The images he refers to are part of a presentation from the USPS made to mailers. The slides show the drop in single piece First Class letters; a map of the plants expected to close; and a graph that shows the declining number of USPS processing plants.

We find it interesting that the decisions to close these plants seem to be justified by First Class volume declines, when in fact that is only a small part of the story.

While many blame the advent of digital for much of this decline, that is not necessarily the case.

“The USPS delivered 35% less First-Class Mail in 2013 than they did in 2004,” writes Mark Fallon in The Berkshire Company blog. “The most significant drop in mail volumes occurred during the Great Recession (2009-2011). The USPS saw a loss of over 19 billion pieces of First-Class Mail during this time period, representing 60% of the decline for the entire decade,” he writes, noting that the rates of decline have slowed dramatically.

“In 2012 and 2013, there was only a 5% and 4% drop in First-Class Mail volumes respectively.
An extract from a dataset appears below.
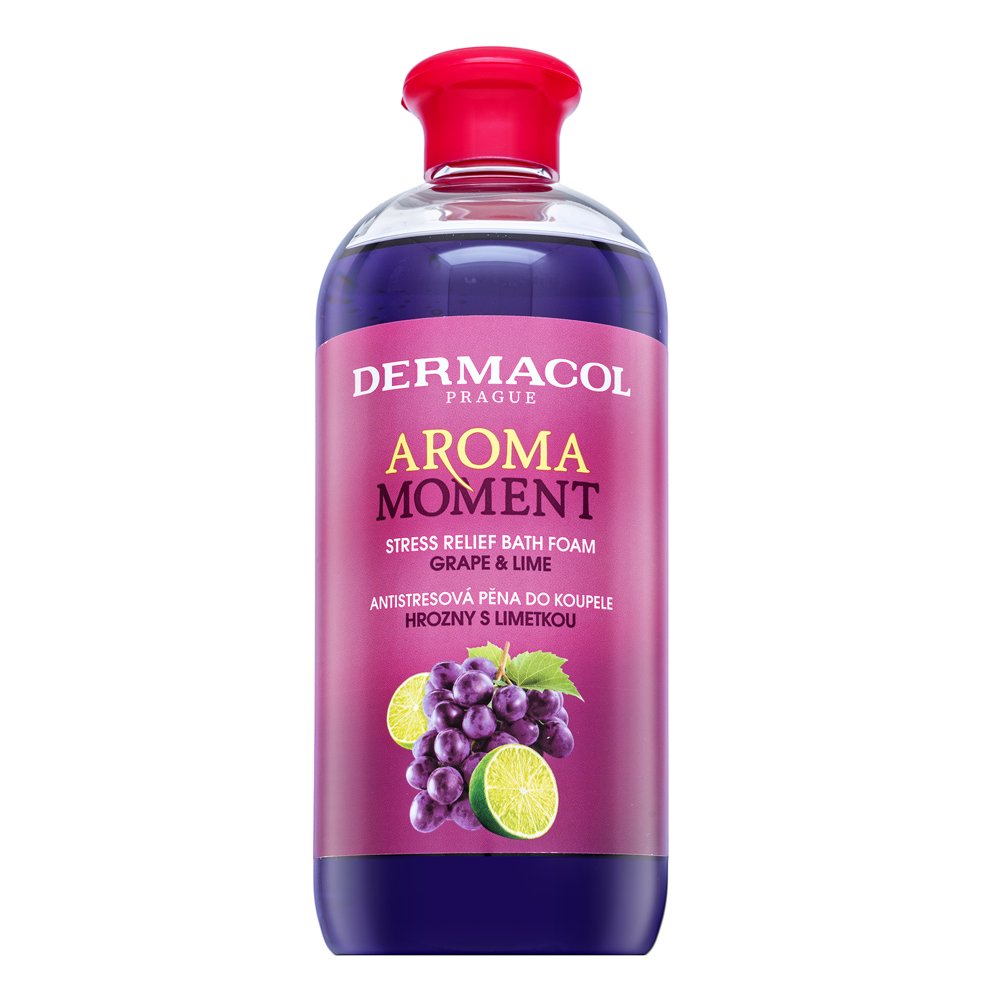 Dermacol Aroma Moment bagnoschiuma Bath Foam Grape & Lime 500 ml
The first 2 quarters of 2014 shows the trend continuing, with only a 4% reduction in volume. Significantly, Workshare mail [when companies presort their mail by ZIP Codes, and then receive a discount from the USPS; i.e. a huge part of USPS’s business core] is down only 3%, with the 2nd quarter of 2014 having almost the same number of pieces as 2013.”

All this focus on First Class mail leaves us wondering what will happen to the bulk mailers in the system. Many are already concerned that the remaining processing centers are saturated and struggling to deliver on their promise now. Will the continued closures cause more havoc for businesses that rely on the mail?

“Physical mail remains a critical link between businesses and their customers….The USPS must remain committed to accepting and delivering physical mail in a cost-effective, customer-centric and timely manner.” Fallon continues.

What do you think? Can the USPS keep up with the business customers that feed its machine?